**What is expected**.
What you return must match the listing below line for line, minus its pictures.

**Input data**.
◇ ◇ ◇ ◇ ◇

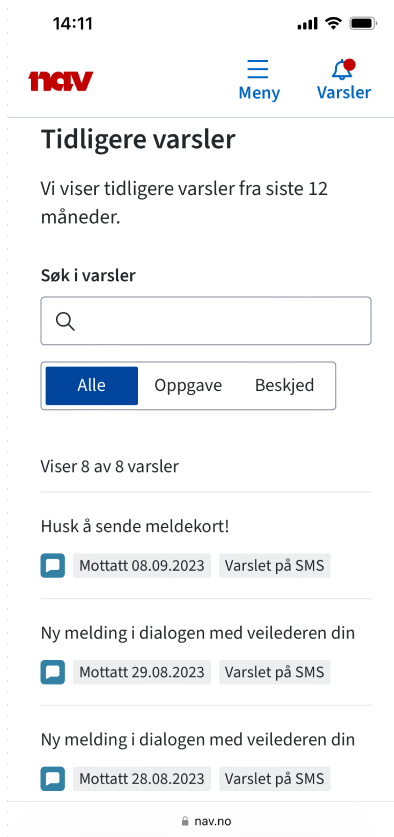 Tidligere varsler vises med et søkefelt og valg med Alle, Oppgave eller Beskjed. Nedenfor listes tekst og dato for varsler, sammen med en tag for at de er varslet på sms.. Det er ingen klikkbare lenker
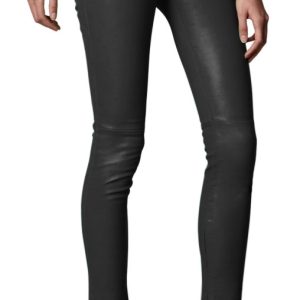 Startling ankle reach leather pant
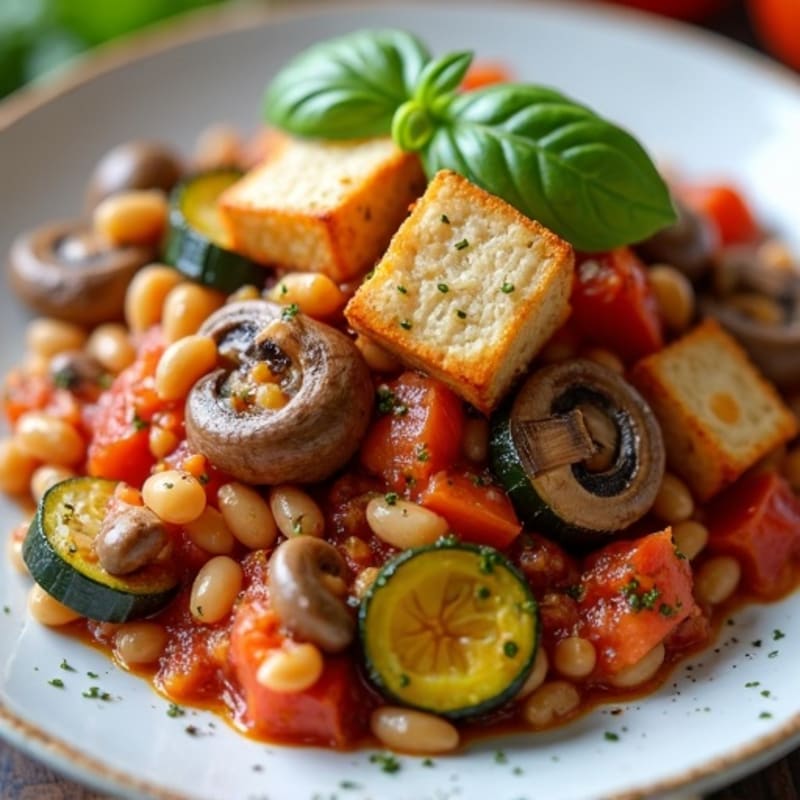 Hearty Mushroom Ragu with Herb-Roasted Vegetables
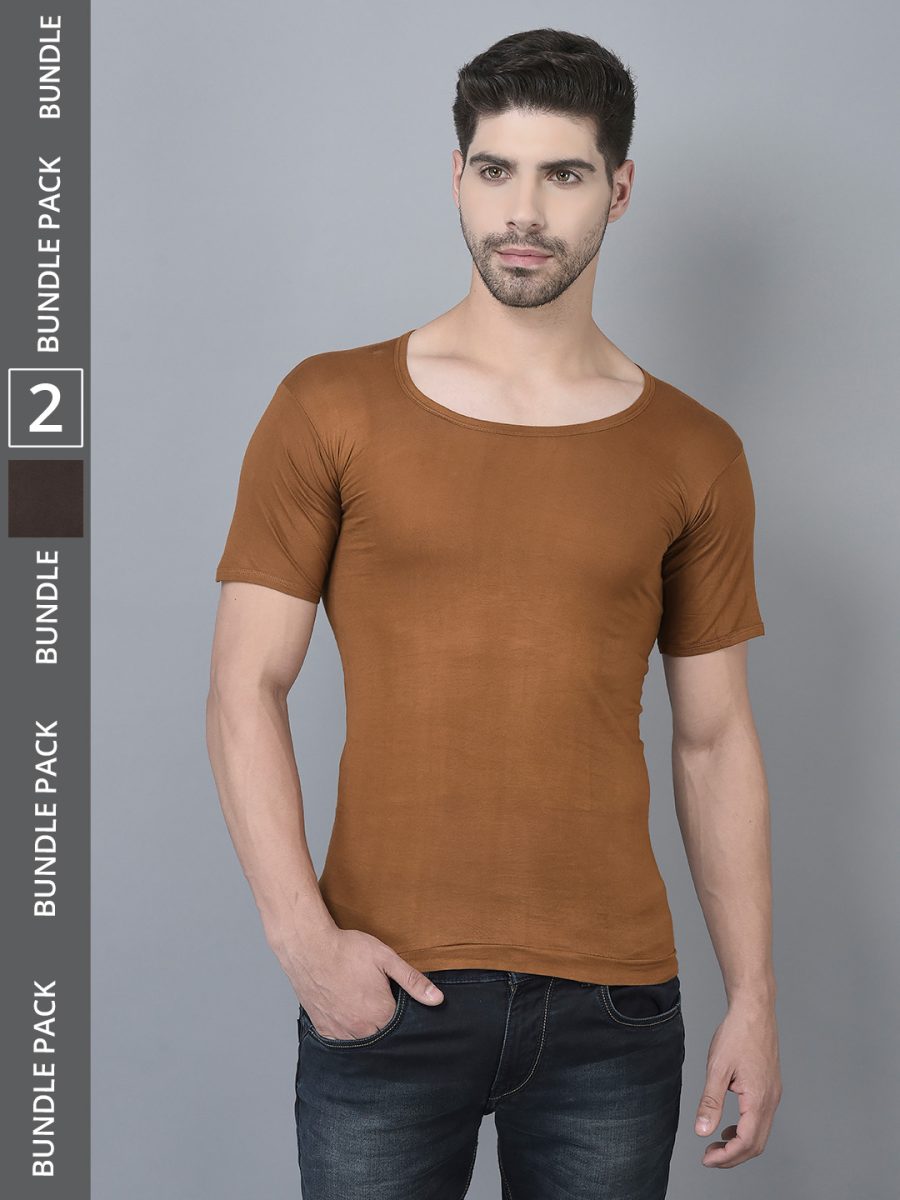 Dollar Lehar Men's Assorted Pack of 2 Combed Cotton Vest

◇ ◇ ◇ ◇ ◇

**Answer to the problem**.
 Tidligere varsler vises med et søkefelt og valg med Alle, Oppgave eller Beskjed. Nedenfor listes tekst og dato for varsler, sammen med en tag for at de er varslet på sms.. Det er ingen klikkbare lenker
 Startling ankle reach leather pant
 Hearty Mushroom Ragu with Herb-Roasted Vegetables
 Dollar Lehar Men's Assorted Pack of 2 Combed Cotton Vest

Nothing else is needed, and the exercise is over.